A way to do so would be to invest in small modular reactors (SMRs), which are cheaper to construct and can serve as reliable sources of low-carbon energy even away from large grid systems, which would obviate the need for upgrading grids in certain areas at great cost. In addition, a combination of renewables with nuclear could boost both the resilience and flexibility of energy generation in the country.
“Currently, nuclear power plants tend to be operated as ‘baseload generation’ such that they are always producing electricity, which can sometimes lead to wasted electricity and poor economic incentives for the nuclear power plant,” Herrera Estrada explains. “However, nuclear reactors, particularly small modular reactors, can be operated in a more flexible manner such that they decrease generation when there is a lot of power generated by renewables and increase generation when there is higher electricity demand or fewer contributions from renewables. Changing the operation of nuclear power towards a more flexible model using smaller reactors may help improve the economic and financial landscape currently faced by the nuclear sector.”

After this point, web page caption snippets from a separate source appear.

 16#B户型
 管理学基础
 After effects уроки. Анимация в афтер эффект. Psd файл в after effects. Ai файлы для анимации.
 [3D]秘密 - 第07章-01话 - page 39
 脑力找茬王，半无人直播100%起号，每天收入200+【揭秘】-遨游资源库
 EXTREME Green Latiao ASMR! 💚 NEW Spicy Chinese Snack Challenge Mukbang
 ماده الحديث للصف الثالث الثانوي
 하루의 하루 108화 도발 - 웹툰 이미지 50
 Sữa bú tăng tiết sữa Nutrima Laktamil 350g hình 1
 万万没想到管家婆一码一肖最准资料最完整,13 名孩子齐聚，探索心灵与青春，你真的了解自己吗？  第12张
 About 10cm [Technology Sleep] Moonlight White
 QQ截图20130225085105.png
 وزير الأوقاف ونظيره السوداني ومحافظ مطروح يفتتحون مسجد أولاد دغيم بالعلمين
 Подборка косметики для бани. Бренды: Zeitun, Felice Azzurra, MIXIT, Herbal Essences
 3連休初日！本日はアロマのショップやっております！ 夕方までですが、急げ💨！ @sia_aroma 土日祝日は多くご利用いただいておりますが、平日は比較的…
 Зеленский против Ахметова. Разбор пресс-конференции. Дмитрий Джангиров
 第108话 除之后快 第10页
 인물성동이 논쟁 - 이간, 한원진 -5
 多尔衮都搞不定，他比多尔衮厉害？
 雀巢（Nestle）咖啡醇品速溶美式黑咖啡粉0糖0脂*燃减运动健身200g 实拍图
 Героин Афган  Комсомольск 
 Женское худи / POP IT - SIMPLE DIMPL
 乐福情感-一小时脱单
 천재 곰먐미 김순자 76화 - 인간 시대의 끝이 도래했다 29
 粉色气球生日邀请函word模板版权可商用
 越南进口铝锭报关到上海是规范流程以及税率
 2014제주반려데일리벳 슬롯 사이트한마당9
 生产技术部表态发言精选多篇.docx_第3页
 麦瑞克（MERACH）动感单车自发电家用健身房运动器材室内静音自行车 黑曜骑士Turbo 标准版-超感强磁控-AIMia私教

Several U.S. companies are working on mini reactors in order to make them more cost-effective and scalable. Some of the latest small light-water modules can generate as much as 60 megawatts of electricity using a scaled-down version of pressurized water reactor technology. Smaller reactors are far more flexible than larger conventional reactors and can be scaled up or down, depending on local energy needs. If need be, a future power plant could theoretically house only a couple or up to a dozen of these smaller power modules.
SMRs parts can be premade and assembled in a factory and shipped to various locations, which can drastically reduce construction costs and the time it takes to get a new power plant up and running. Just as importantly, owing to their simpler, compact designs, SMRs can also be deployed to locations, such as isolated and sparsely populated areas, where larger nuclear power plants would not be feasible either for economic or geographical reasons. SMRs can also be employed to replace or repower ageing nuclear power plants or else to complement existing power plants.
“Increasing nuclear power generation does appear as an important and perhaps even necessary step in achieving a low-carbon energy sector within the next few decades,” Herrera Estrada says. “Decarbonizing the energy sector is a system-wide challenge that involves engineering, economics, and politics. When we think of an idea for decarbonizing the electricity sector, we need to consider it in relation to the system as a whole and also think of the associated economic and political landscaped that such an idea would face,” he elucidates.
“However,” he adds, “appropriate financing, economic incentives, and political capital will be necessary to expand the current nuclear energy capacity in the U.S.”